Typically, the annual speech from the president to Congress — whether in the form of a joint address or a State of the Union — takes place in February.

But following the 6 January Capitol riot and continuing Covid restrictions, Mr Biden’s first speech in 2021 was delayed to April.

His first official SOTU will take place around the standard time on Tuesday, 1 March.

Mr Biden was reportedly forced to rewrite the address at the 11th hour in response to Russian President Vladmir Putin’s assault on Ukraine last week.

Mr Biden was reportedly planning on refocusing on his domestic agenda after Sen Joe Manchin effectively killed his signature Build Back Better legislation. White House Chief of Staff Ron Klain reportedly told Democrats that the president would focus on inflation, which is at a 40-year high amid the pandemic.

But Russia’s invasion of Ukraine has scrambled these plans. While Ukraine has yet to fall to Russia, it has taken heavy bombing and has led to the international community coalescing to make Mr Putin a pariah.

“The magnitude of the visceral reaction to what’s going on there is so significant that it’s just hard for me to imagine him just relegating it to point number five,” former Clinton administration speechwriter Michael Waldman told The Washington Post. “Biden needs to rally the democrats — with a small ‘d’ — against the autocrats worldwide, and he cares a lot about that.”
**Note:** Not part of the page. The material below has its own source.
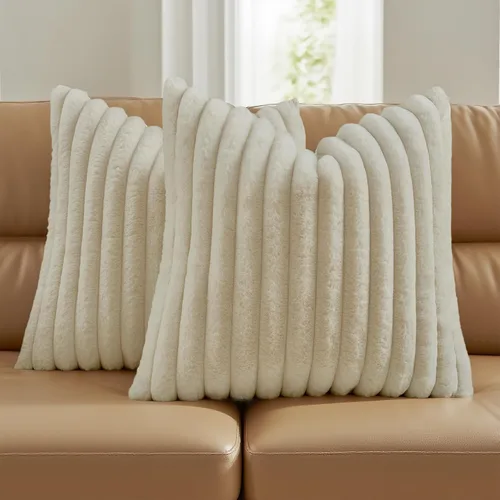Miniatura 70 de FUTEI - Juego de 2 fundas de almohada decorativas con rayas, cuadradas, para invierno, piel sintética de conejo suave y acogedora y respaldo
Similarly, Mr Biden is not expected to focus heavily on his nomination of Judge Ketanji Brown Jackson to be the first Black woman to serve on the Supreme Court.

Mr Biden was already reportedly working on the speech for months as deputy chief of staff Bruce Reed coordinated the policy outlines while aide Mike Donilon and chief speechwriter Vinay Reddy took the lead on writing and framing the speech.

“He can speak with great confidence about his ambition to, once again, bring back the alliances that are critically important,” former Sen Chris Dodd, a close friend of Mr Biden, told The Post. “And frankly, this event by Putin has probably done more in the last four days to reignite those alliances than any speech that could be given by any president.”